In order to group the data recieved by NBAMiner.com by team name we decided to use the groupby function. We were then able to take a wider look at all the assist related attributes of all 32 of the teams in comparison to one another.


In [184]:
afgb = af.groupby('Team')
afgb_atr = afgb['Assist/TO Ratio'].agg([np.sum, np.mean, np.median])
afgb_oatr = afgb['Opp. Assist/TO Ratio'].agg([np.sum, np.mean, np.median])
afgb_afgm = afgb['Assisted FGM Pct.'].agg([np.sum, np.mean, np.median])
afgb_oafgm = afgb['Opp.

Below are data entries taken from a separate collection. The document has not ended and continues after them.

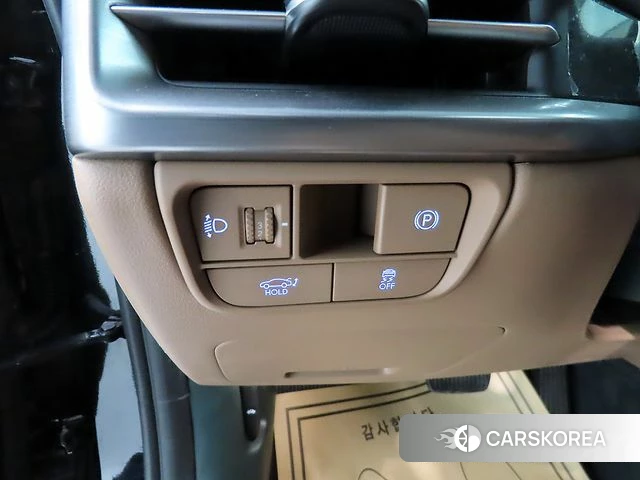 Hyundai Grandeur (GN7) id 4243004 из Кореи 7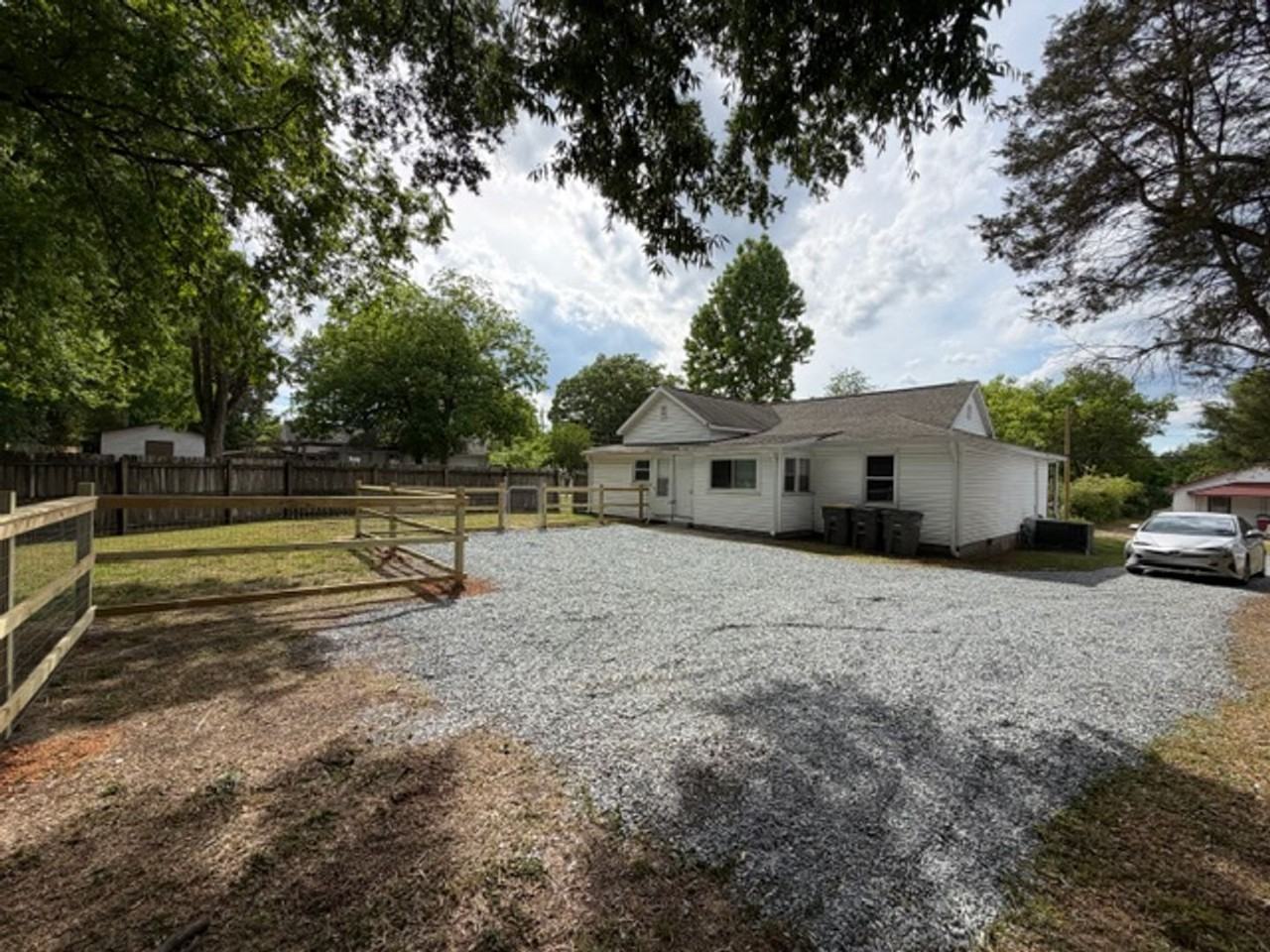 615 Leonard Ave - Photo 2 of 21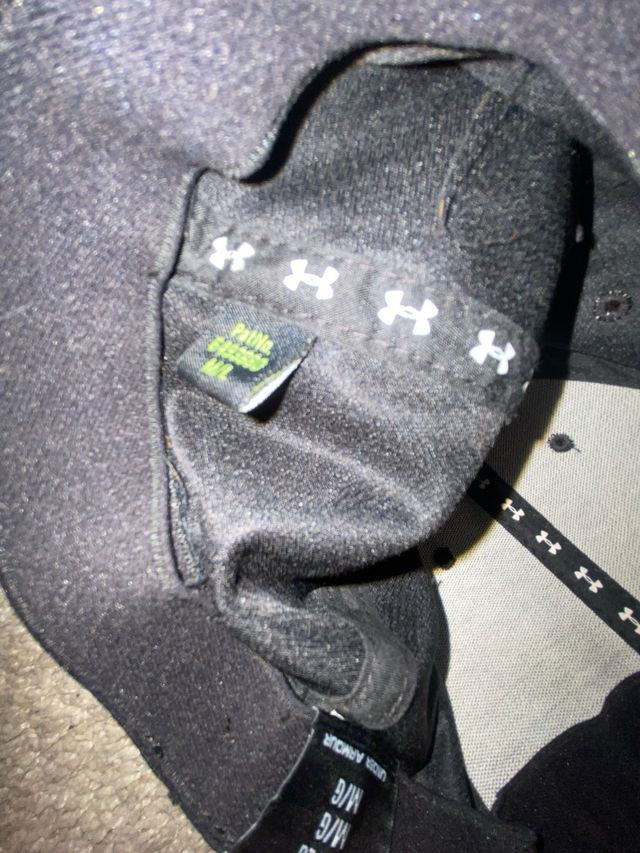 Gorra Under Armour negra
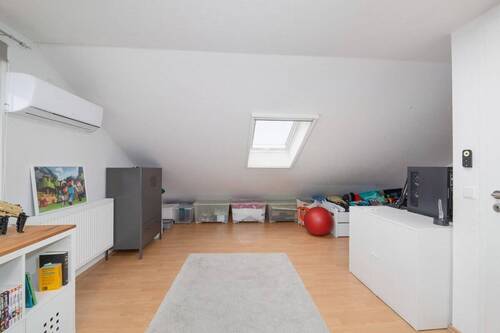 Zimmer DG Hinterhaus - 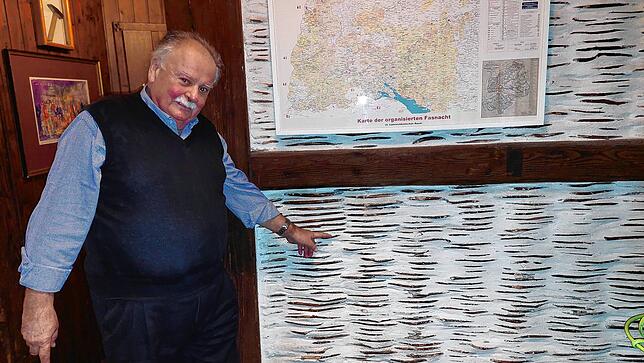 Werner Bauer kratzte damals alten Mörtel von der Wand im ersten Obergeschoss. Zum Vorschein kam dieses Haselnussgeflecht als Zwischenwand.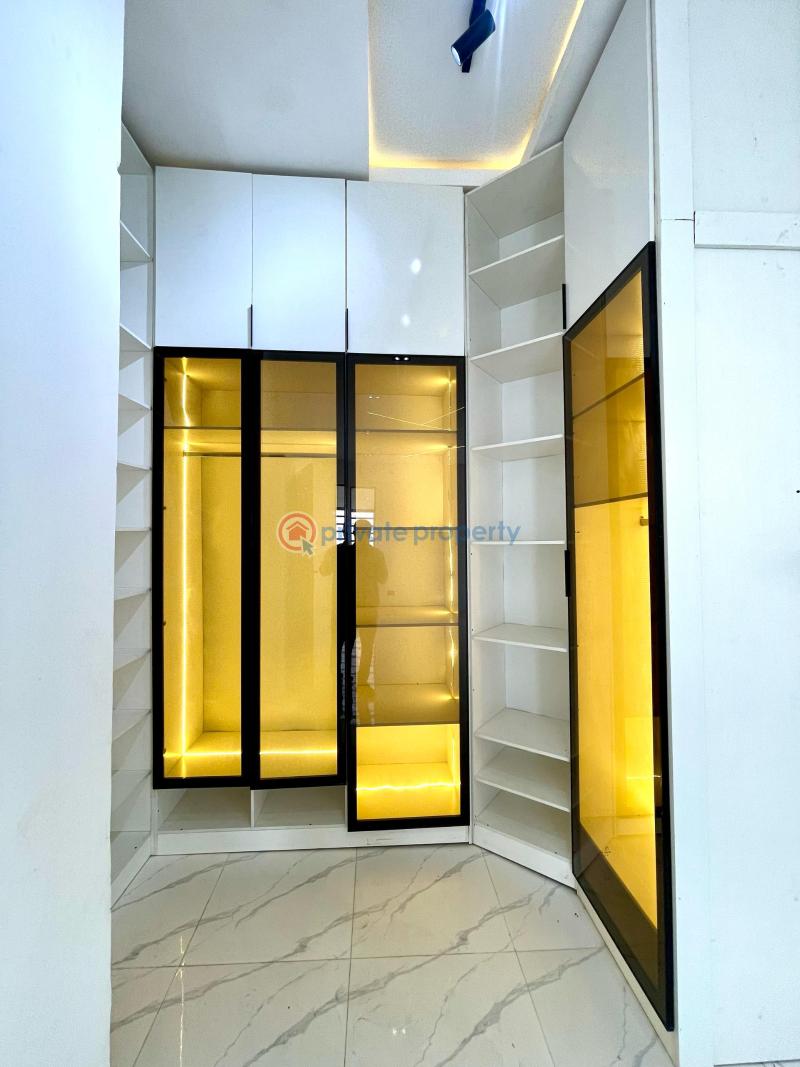 4 bedroom Detached Duplex For Sale Ikota Lekki Lagos - 4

Assisted FGM Pct.'].agg([np.sum, np.mean, np.median])
afgb_wl = afgb['W/L'].agg([np.sum, np.mean, np.median])

In [191]:
fig, ax = plt.subplots(nrows=2, ncols=1, sharex=True, figsize=(15,10))
fig.suptitle('Assist/TO Ratio compared to W/L', fontsize=18, fontweight='bold')
afgb_atr['mean'].plot(kind='bar', ax=ax[0], color='orchid')
afgb_wl['mean'].plot(kind='bar', ax=ax[1], color='green')


ax[0].set_ylabel('Assist/TO Ratio', fontsize=15)
ax[1].set_ylabel('W/L Ratio', fontsize=15)


Out[191]:
<matplotlib.text.Text at 0x123db03c8>

In [204]:
fig, ax = plt.subplots(nrows=2, ncols=1, sharex=True, figsize=(15,10))
fig.suptitle('Opposing Team Assist/TO ratio compared to W/L', fontsize=18, fontweight='bold')
afgb_oatr['mean'].plot(kind='bar', ax=ax[0], color='mediumslateblue')
afgb_wl['mean'].plot(kind='bar', ax=ax[1], color='green')


ax[0].set_ylabel('Opp. Assist/TO Ratio', fontsize=15)
ax[1].set_ylabel('W/L Ratio', fontsize=15)


Out[204]:
<matplotlib.text.Text at 0x129b79470>

In [210]:
fig, ax = plt.subplots(nrows=2, ncols=1, sharex=True, figsize=(15,10))
fig.suptitle('Assisted Field Goals Made % compared to W/L', fontsize=18, fontweight='bold')
afgb_afgm['mean'].plot(kind='bar', ax=ax[0], color='magenta')
afgb_wl['mean'].plot(kind='bar', ax=ax[1], color='green')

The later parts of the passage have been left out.